Out of that emerged a new site called Beyond the Final Boss, an uplifting portrayal of game developers’ stories about bullying and ultimately success. Stephen McGreal’s story is heartbreaking:

The really pervasive bit was the sense of social ostracism from the other kids as a whole. I was a computer nerd, and as such was unworthy of friends (except the three other computer nerds, none of whom I particularly liked but we stuck together because we had nobody else). Once, when the school ran a mock election, I stood as a candidate and spoke in front of a room full of kids who thought I was a twat (which was tough, but, I thought at the time, character building). 

The candidate who came onstage after me eschewed his talk of his policies in favour of calling my sexuality into question. Four or five hundred kids laughed. It was only when it transpired that one of the “cool kids” was also kind of into computers that I had the beginnings of a social circle open up for me. By the time I got to college I was popular, and accepted, although crippled with paranoia and self-harm issues that took a few more years to get out of my system.

But the trio’s purpose is to show how these experiences have a silver lining. These terrible incidents don’t need to be the end of the road, but can be the start of a successful, lively career in games. Ahmad, who once served as a phone counselor for UK support service Childline, writes: “The creations of the future will come from the young of today and often, rather sadly, the most visionary are the most bullied.” True that. This, of course, echoes Steve Job’s famous quip: “The ones who are crazy enough to think that they can change the world, are the ones who do.”
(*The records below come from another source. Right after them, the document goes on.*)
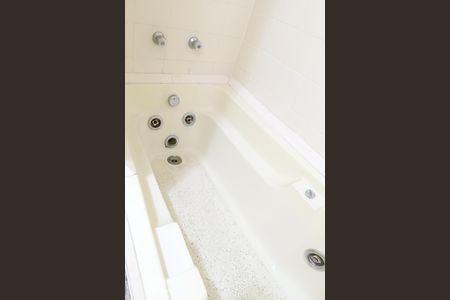 Casa à venda com 323m², 6 quartos e 3 vagas Casa à venda com 323m², 6 quartos e 3 vagasBanheiro 2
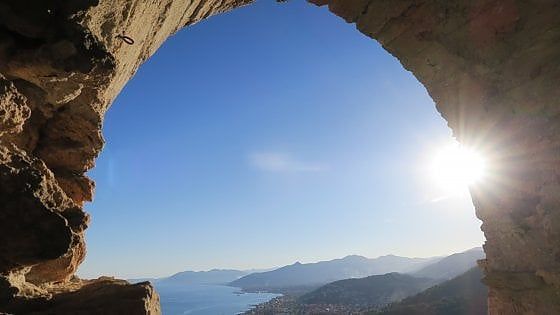 Si fa presto a dire riviera. La Liguria di Ponente dei borghi e della macchia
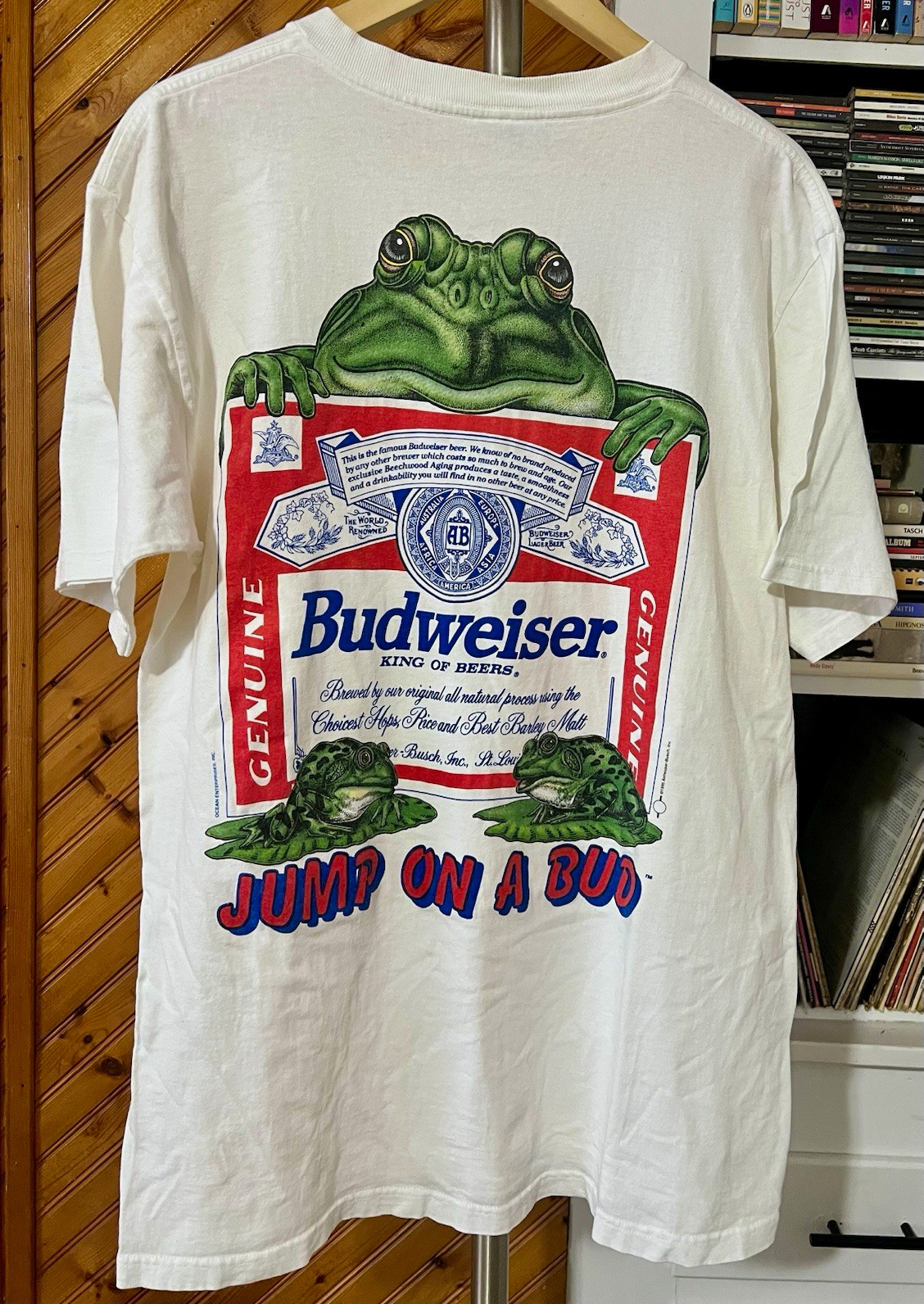 Vintage 1995 Budweiser "Jump On A Bud" Frog Graphic Print White T-Shirt size L Vintage 1995 Budweiser "Jump On A Bud" Frog Graphic Print White T-Shirt size L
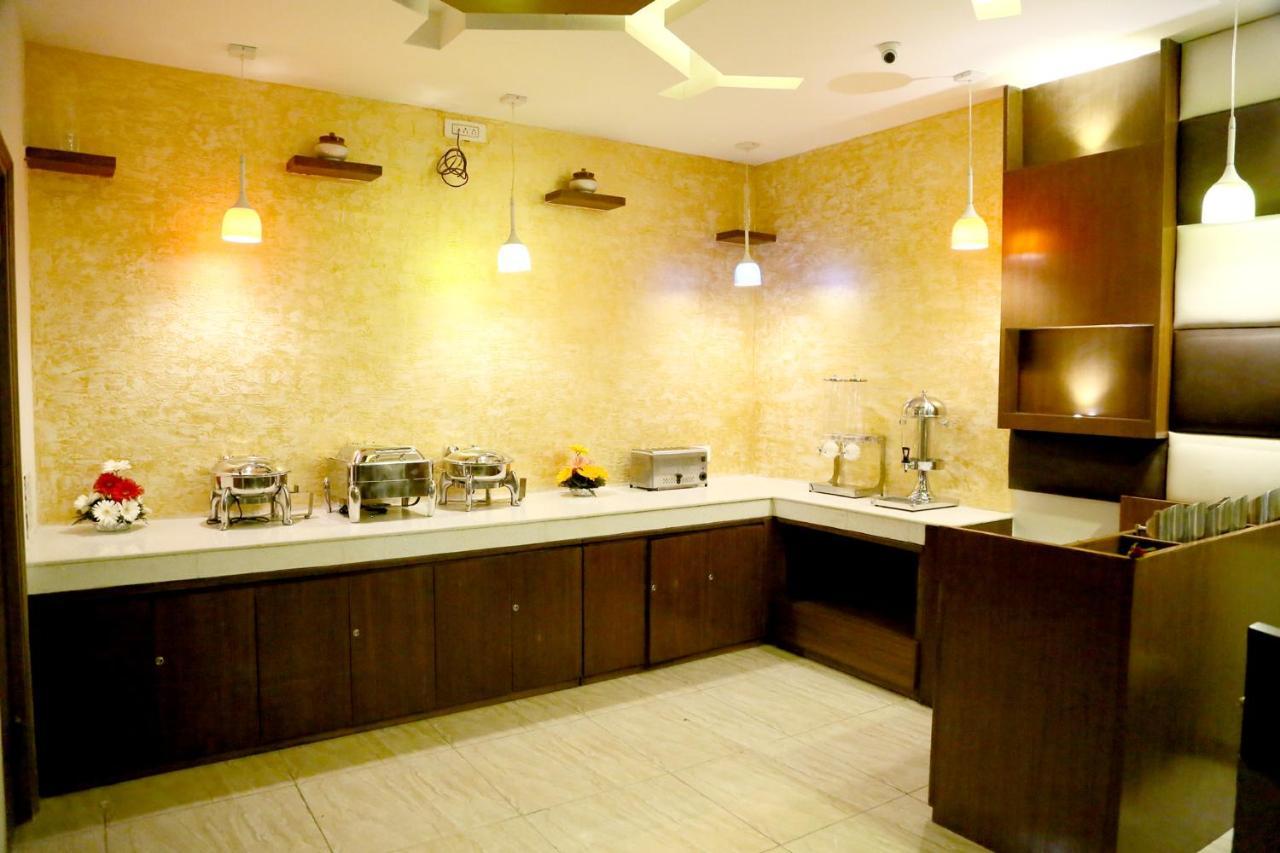 Hotel S C Residency Zirakpur Extérieur photo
A couple years ago, writer Heather Chaplin delivered a rousing rant at the Game Developers Conference about the need for new experiences in the world of games. Too many reflected a hyper-masculine power fantasy, she argued: “It is you guys as game designers who are mired deeply in ‘guy culture’. You aren’t men. You are stunted adolescents.” Chaplin’s point is well-taken, of course. Games do often put players in positions of power and dominance and like any medium, diversity of content is a must.

But reading through the testimonials at Beyond the Final Boss gives an alternate explanation for Chaplin’s rationale. For those who’ve been teased all of their life, games present an escape and a chance to rewrite history. The hope is that an end to bullying for those talented game designers in training will mean that real life offers the same promise as a virtual one.